I tuck my hair behind my ear. "I love you, dad." I know that seems stupid, but my reflection is the only way I can still be with him. I remember being in the car with him when the eighteen-wheeler hit our little Acura-Integra. It was Valentine's Day and we were going to surprise mom at work. Then the light turned red too quickly and the truck came careening towards us. I remember my dad knowing it was going to hit us and pushing me out of the car right before it hit us. He opened the door and shoved me out of the car. I remember pressing myself against the asphalt as the small car flipped over me. I just barely missed being decapitated by a truck wheel. When the police and ambulances got there, I was sitting by the open passenger door, looking at my dad's blood covered hand. I was only five.

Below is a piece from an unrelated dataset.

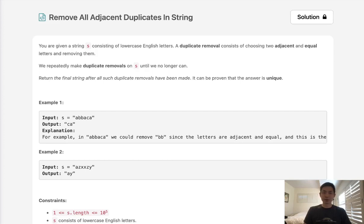Welcome to June's LeetCode challenge. Today's problem is remove all adjacent duplicates in string.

After the accident, I lived with my mom until I was seven. Then she married Frank, my stepfather. He didn't want children, and for some reason my mom hid me from him. And when they got married, he finally found out. She had been hiding me in the guest room closet. Frank found me one day and beat me. He was drunk. Frank broke both of my legs, cracked three ribs, and covered me in bruises and cuts all over. My mom walked in from work to find him in mid-swing with a baseball bat. That was when she told him I was her daughter. Frank said he would divorce her unless she got rid of me. I guess when she saw me laying on the floor, looking like my dad after the truck hit him, she decided I was too much of a reminder of my dad. She took me to an orphanage the next day. She left me laying on the doorstep and didn't look back. I remember screaming and crying for her to come back. She drove away without a tear. The owner of the orphanage, Mrs. Rose, walked out when she heard my hysteria. She took me in and took me to a hospital. After I was released from the hospital, I wanted to die. My mother chose Frank over me and my dad was dead. I tried to commit suicide so many times, I lost count. Mrs. Rose wondered why I kept going to the hospital for stomach problems when she caught me one day. The orphanage never had any weapons and all knives and the like were locked up tight in the kitchen, guarded by a Swedish cook named Helga. So I used pills. I would beg and sometimes steal them from other kids. Mrs. Rose walked in when I was about to pop another handful. That day, we both cried. I told her the only person that loved me was dead. I had to join him. Mrs. Rose sat down and pulled me into her lap, even though I was ten. She told me that she loved me. I went to therapy. Mrs. Rose made sure I never got any medicine from anyone.